Results

Synthetic Image Sequences

Synthetic image sequences provide ground truth that allow us to quantitatively analyze our technique. We generated synthetic sequences from a detailed polygonal model of the frontal half of a human head. The range and color data used to construct the model were obtained with a rotating Cyberware laser scanner equipped to record registered color and depth data at each point. Color test image sequences were constructed via a standard graphical rendering package, employing a perspective camera projection model. Spatial and time derivatives in intensity and depth were computed using difference filters with small support. Sample intensity and depth images of the model are shown in the leftmost two panels of Figure 1.

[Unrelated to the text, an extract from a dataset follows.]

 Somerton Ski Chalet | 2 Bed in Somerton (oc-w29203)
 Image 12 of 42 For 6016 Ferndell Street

For each of the two image sequences discussed in this section, motion between all pairs of successive frames were computed using 1) the BCCE only (with measured depth), 2) the DCCE only, and 3) both constraints together. In addition, for each of these cases, parameters were computed using both the perspective and orthographic versions of the constraints. When combining the intensity and depth constraints into a single linear system, we chose the depth constraint weighting factor, $\lambda$ , to be the ratio of the mean magnitudes of the I_t and Z_t values. This helps to equalize the contributions of the two sets of constraints toward the least-squares solution.

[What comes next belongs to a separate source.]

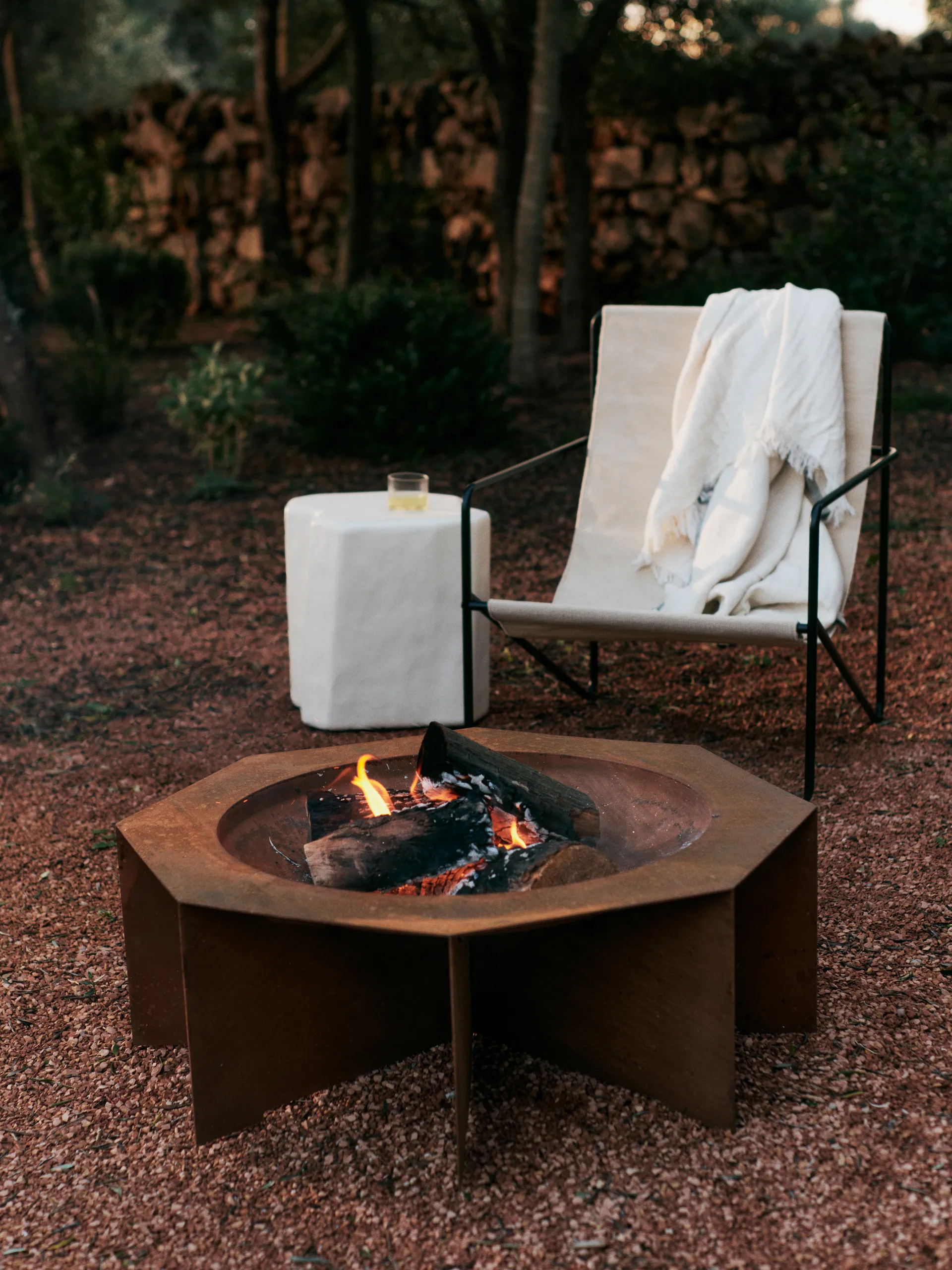 Brasero Otto fire pit, Rust, Ø85,5x29 cm Ferm Living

To evaluate the utility of measured depth and the DCCE, we also implemented a motion estimation system which uses only the BCCE and a simple, generic depth model, as in the class of methods which include [2,3,4]. The particular form of generic depth model that we used was a plane parallel to the camera image plane, initialized to be at the depth of the object being tracked. We used this system to compute a fourth set of motion parameters for all of the synthetic sequences, according to both the orthographic and perspective versions of the BCCE.

For each pair of frames, the image support region for computation of motion parameters was taken to be, as a first pass, the intersection of the sets of pixels in each frame for which depth is non-background and for which all spatial derivatives do not include differences with background pixels. However, because sampling and object self-occlusion (e.g. of the neck by the chin, in our sequences) creates large depth gradients which do not remain consistent with object pose during motion, we found it helpful to eliminate from the support map all pixels for which the magnitude of the depth gradients exceeded the mean magnitude by more than several standard deviations.

The first synthetic sequence begins with the face oriented toward the camera. The face then makes a 40 degree rotation downward about the X-axis over the course of 35 frames ( $\approx1$ degree per frame), and returns to the starting position via the opposite rotation in the next 35 frames. The next 70 frames consist of the same rotation about the Y-axis, and the final 70 frames contain the same rotation about the Z-axis. The first two panels of Figure 1 show the intensity and depth images of the starting position for the sequence, while the third, fourth, and fifth panels show intensity images of the sequence's three extrema of rotation.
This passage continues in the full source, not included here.